The dam truly broke for me when, in my junior year, one of the dances hosted a lip synch contest. I developed a full-on routine and choreography to Stroke 9’s “Little Black Backpack,” practiced on a daily basis, and signed up to compete. The night of the show, I recall friends expressing their doubts, certain I was about to embarrass myself and, in the same breath saying they would perform with me but they didn’t know the song at all--code for, if I wasn’t going to bail, they sure as hell weren’t going down with the sinking ship.
In my mind, the lip synch performance was great. Epic. All the swagger of a rock n roll star, amplified by the fact that no one knew I had that performance in me.
To my knowledge, no video of this performance exists, so I can’t watch it with a more objective eye. That said, when I think back on it, I really can’t imagine that it was objectively great. I can remember that moment when a hundred other kids started clapping along, though. That there were screams and hollers of support in all of the key moments I had planned as high spots in the performance. That a rush of people--some of whom I had considered friends, and some of whom I had not--came at me as I posed at the song’s finish, with hugs and high fives—about the closest I ever got to a high school movie moment of triumph. I had won the big game, danced with the prom queen, punched out the bully. All of that sentiment wrapped up into four minutes of dancing and the immediate aftermath.
That moment had a lot less to do with dancing well than what I like to think was a manifestation of everyone’s inner geek and everyone’s inner exhibitionist. That moment of letting go of the fear of looking foolish in favor of doing something bold, incredibly un-cool (when you consider the cumulative hours of preparatory work for a performance at a high school dance) and, perhaps most importantly, fun.
This is the lesson, so obvious, and yet so hard to believe in at the moment of action. The overwhelming number of settings in which dance would naturally play a part, no one cares how anyone else looks dancing--if anything, they’re worried about themselves. After the moment has passed, when a person gets in the groove, dancing is irresistibly fun.
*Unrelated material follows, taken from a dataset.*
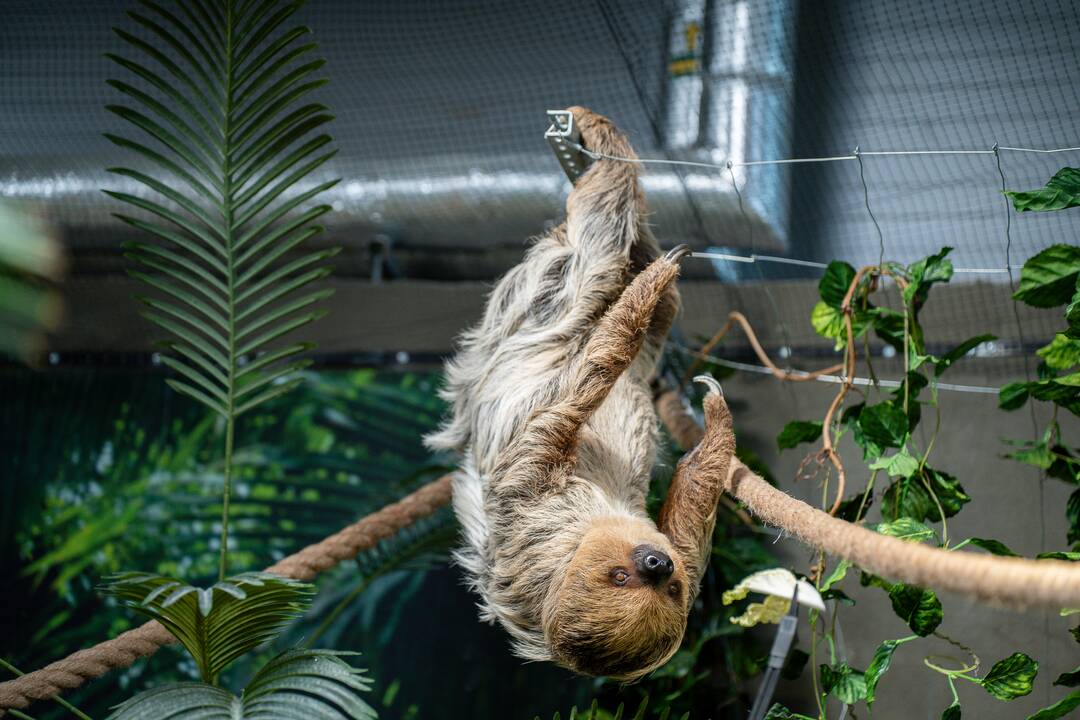 Lietuvos zoologijos sode – naujokas tinginys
But prior to that moment, in making a conscious decision about whether or not to get on the dance floor at that bar or that wedding or that party, it can feel like the world.
I’ve never seen the movie, We Bought A Zoo, but there’s a particular line from the trailer that I’ve loved since the first time I heard it, in the dark of a theater, waiting watch another film:
“all you need is twenty seconds of insane courage. Just literally twenty seconds of just embarrassing bravery. And I promise you, something great will come of it.”
Strip away Matt Damon talking to his movie-son. The logic applies to any range of situations from the decision to buy a zoo to asking someone out to dinner. To the choice to dance.
Dancing isn’t for everybody or every situation. But I dare say that it’s for a lot more people and a lot more situations than people care to admit on a day-to-day basis. It can mean the difference between blending in and standing out. Between a moment you look back on with regret and a moment of triumph. Between being too cool, or too old, or too professional, and having the time of your life.
It starts with that moment of courage. It can lead to a whole lot more.